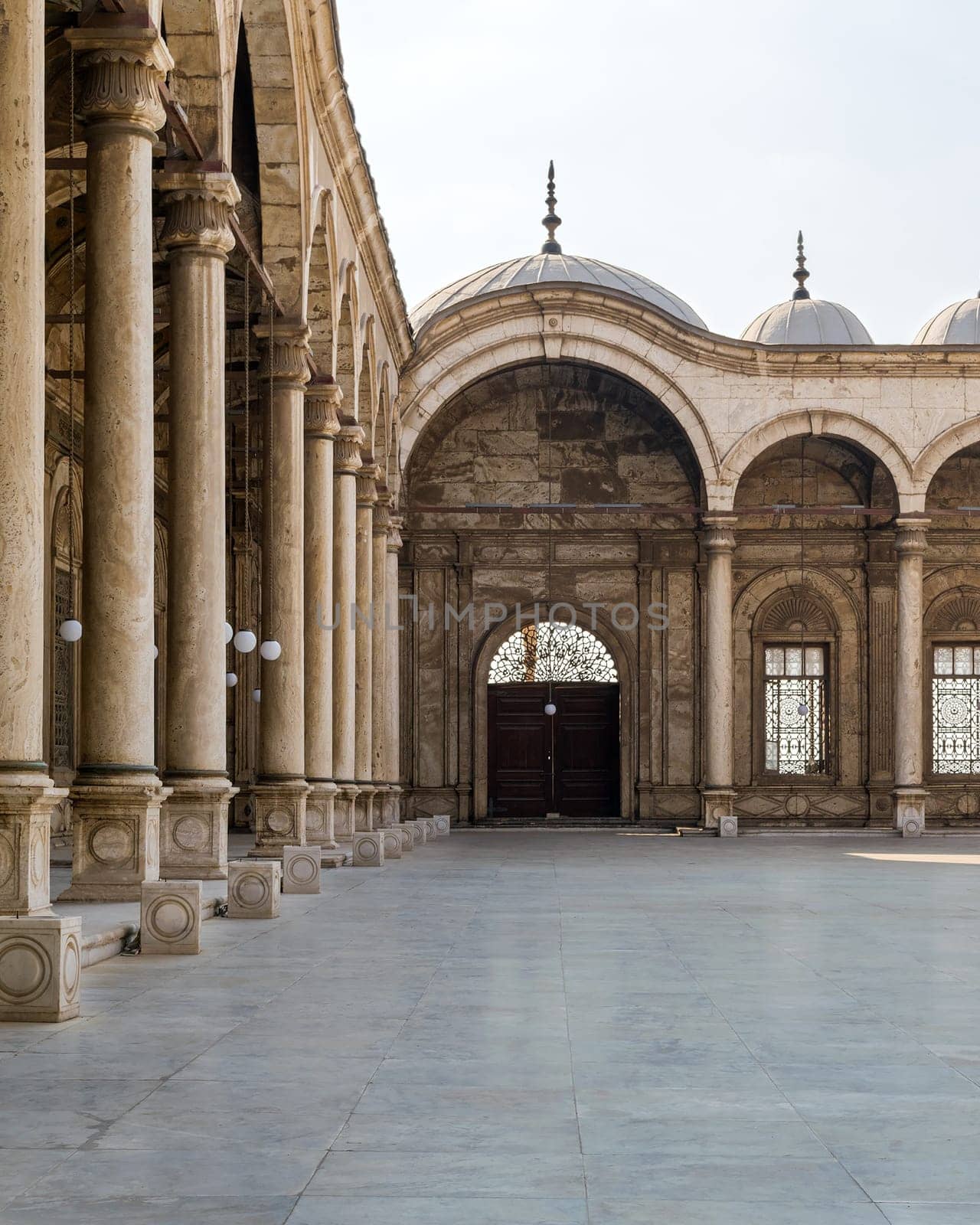 Passage surrounding the court of the Great Mosque of Muhammad Ali - Alabaster Mosque - with wrought iron decorated windows and wooden door, alabaster wall, arches and domes, Cairo Citadel, Egypt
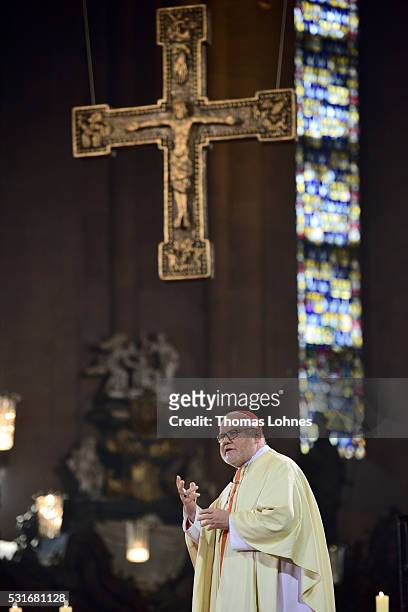 Cardinal Reinhard Marx speaks during a High Mass for Cardinal Karl Lehmann 80th birthday in the cathedral on May 16, 2016 in Mainz, Germany. After...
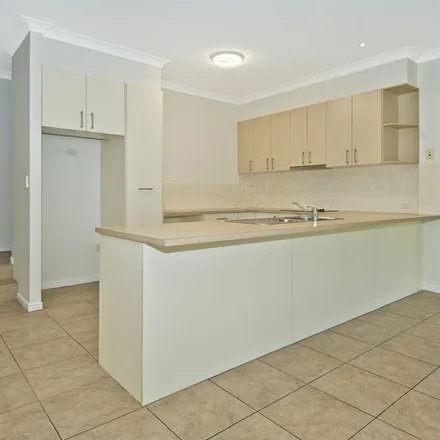 Rent this 4 bed apartment on Serenade Drive in Coomera QLD, Australia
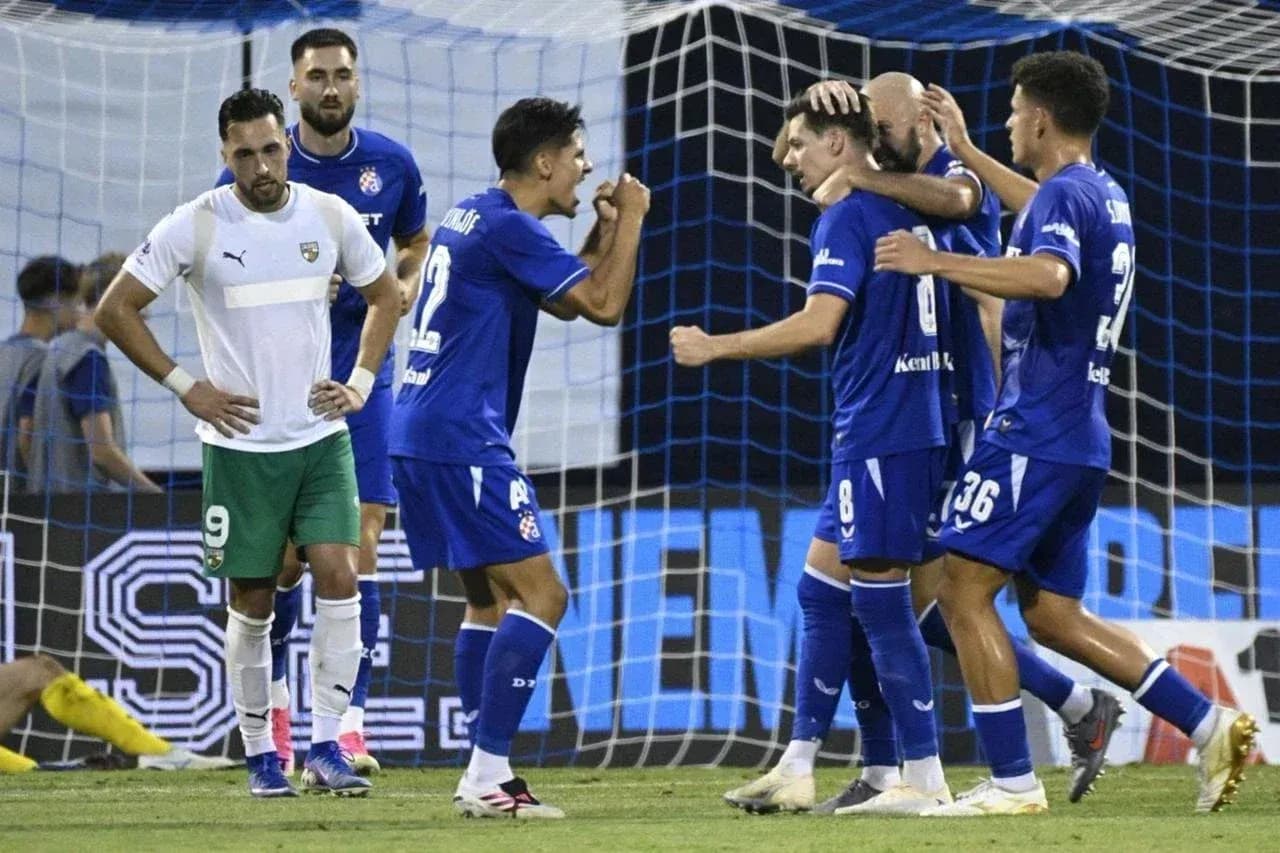 Players celebrating a goal in football match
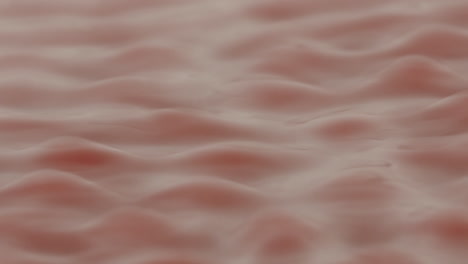 red liquid forming strange rhythmic patterns and structures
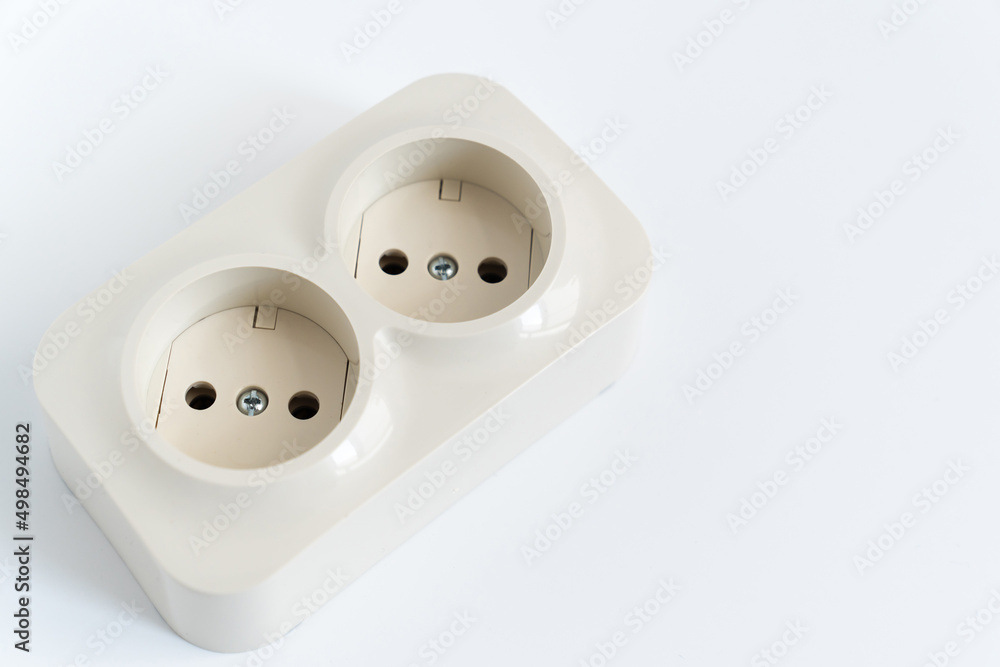 Double socket on a white background. two sockets, united by one monolithic case. The socket has two plug connectors, but is installed in one standard socket. electrical goods store. Double socket on a white background. two sockets, united by one monolithic case. The socket has two plug connectors, but is installed in one standard socket. electrical goods store.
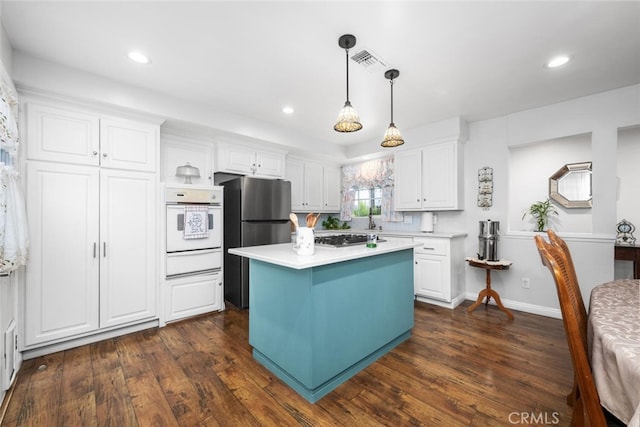 16132 Landmark Dr, Whittier, CA 90604 - kitchen with appliances with stainless steel finishes, a center island, white cabinetry, and dark wood-type flooring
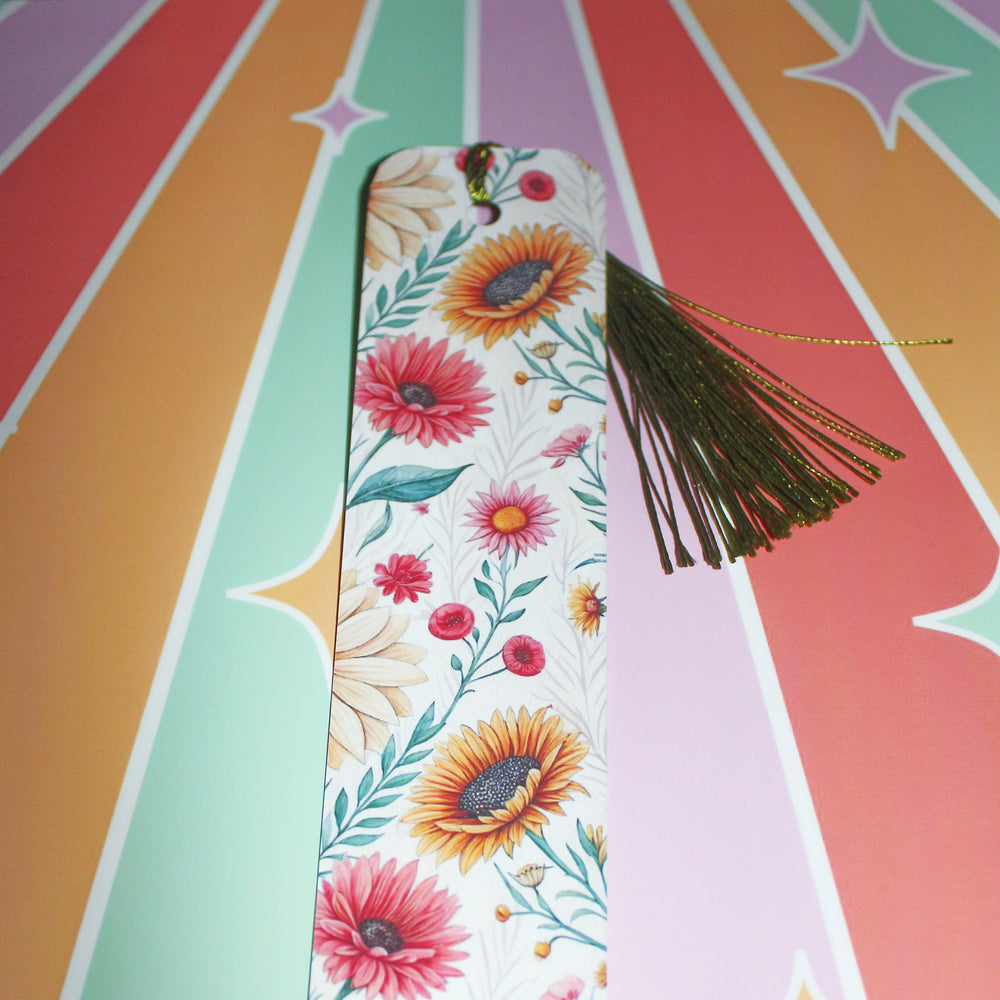 Floral bookmark with tassel on a colorful geometric background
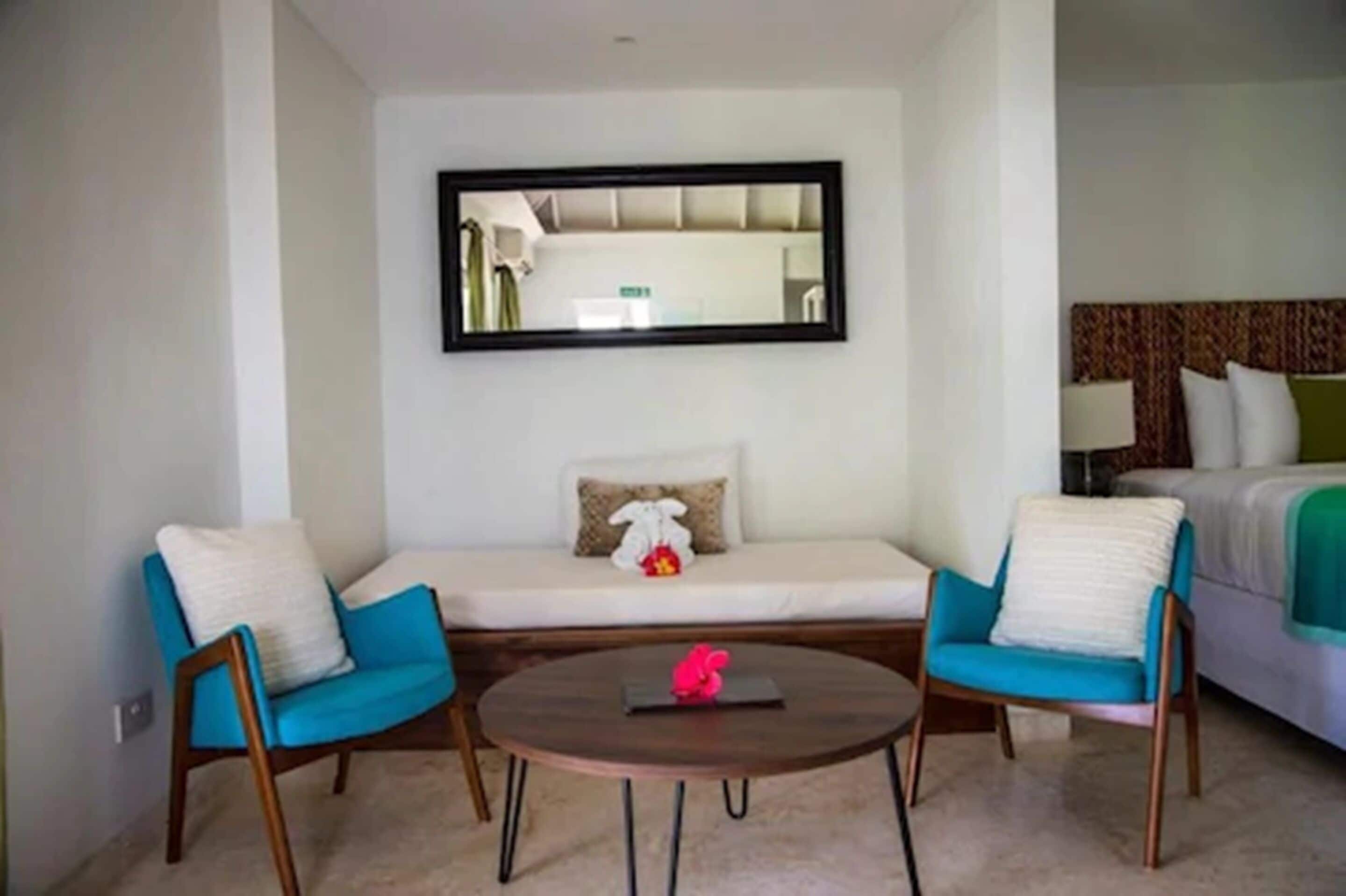 A hotel room with a sofa, two armchairs, a round coffee table, and a bed with a patterned headboard.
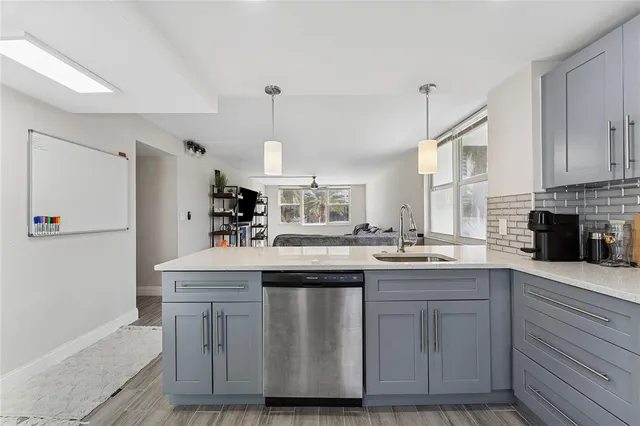 a kitchen with a stove a sink and cabinets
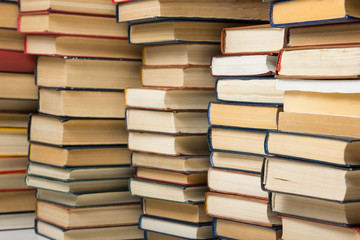 Stack of books background. many books piles.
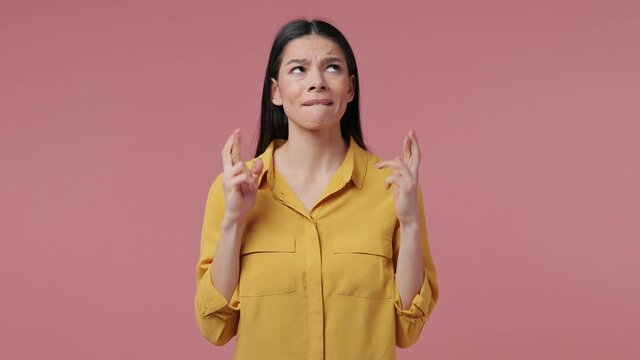 Pleading young latin woman in yellow shirt isolated on pink background studio. People lifestyle concept. Hold hands folded in prayer gesture keeping fingers crossed begging about something making wish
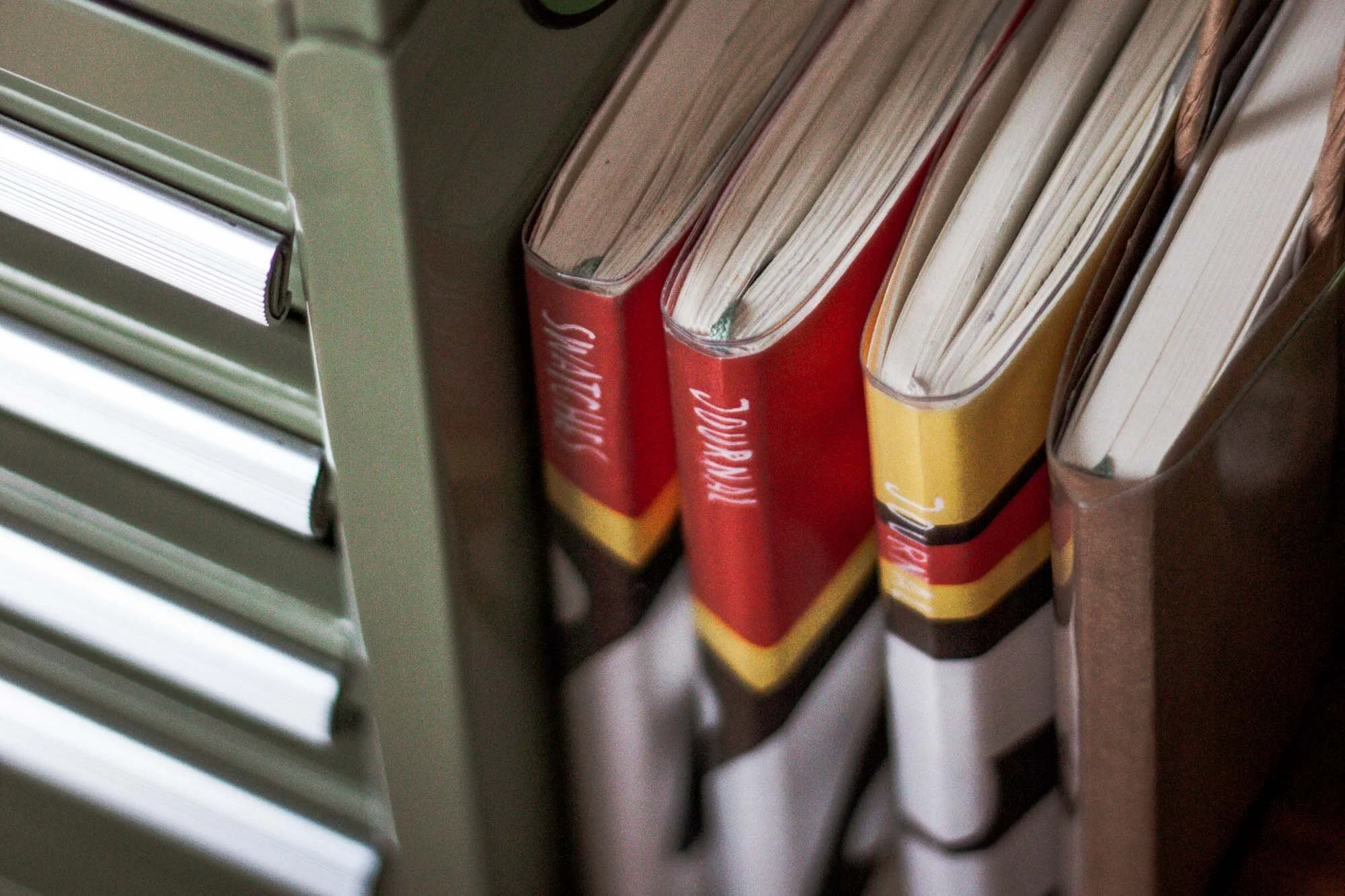 Pocket notebooks and journal inserts stacked beside a desk drawer, representing the tension between collecting notebooks and using them.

> Your task: When you copy the records above, keep every word exact and drop the pictures.

> Result:
 Passage surrounding the court of the Great Mosque of Muhammad Ali - Alabaster Mosque - with wrought iron decorated windows and wooden door, alabaster wall, arches and domes, Cairo Citadel, Egypt
 Cardinal Reinhard Marx speaks during a High Mass for Cardinal Karl Lehmann 80th birthday in the cathedral on May 16, 2016 in Mainz, Germany. After...
 Rent this 4 bed apartment on Serenade Drive in Coomera QLD, Australia
 Players celebrating a goal in football match
 red liquid forming strange rhythmic patterns and structures
 Double socket on a white background. two sockets, united by one monolithic case. The socket has two plug connectors, but is installed in one standard socket. electrical goods store. Double socket on a white background. two sockets, united by one monolithic case. The socket has two plug connectors, but is installed in one standard socket. electrical goods store.
 16132 Landmark Dr, Whittier, CA 90604 - kitchen with appliances with stainless steel finishes, a center island, white cabinetry, and dark wood-type flooring
 Floral bookmark with tassel on a colorful geometric background
 A hotel room with a sofa, two armchairs, a round coffee table, and a bed with a patterned headboard.
 a kitchen with a stove a sink and cabinets
 Stack of books background. many books piles.
 Pleading young latin woman in yellow shirt isolated on pink background studio. People lifestyle concept. Hold hands folded in prayer gesture keeping fingers crossed begging about something making wish
 Pocket notebooks and journal inserts stacked beside a desk drawer, representing the tension between collecting notebooks and using them.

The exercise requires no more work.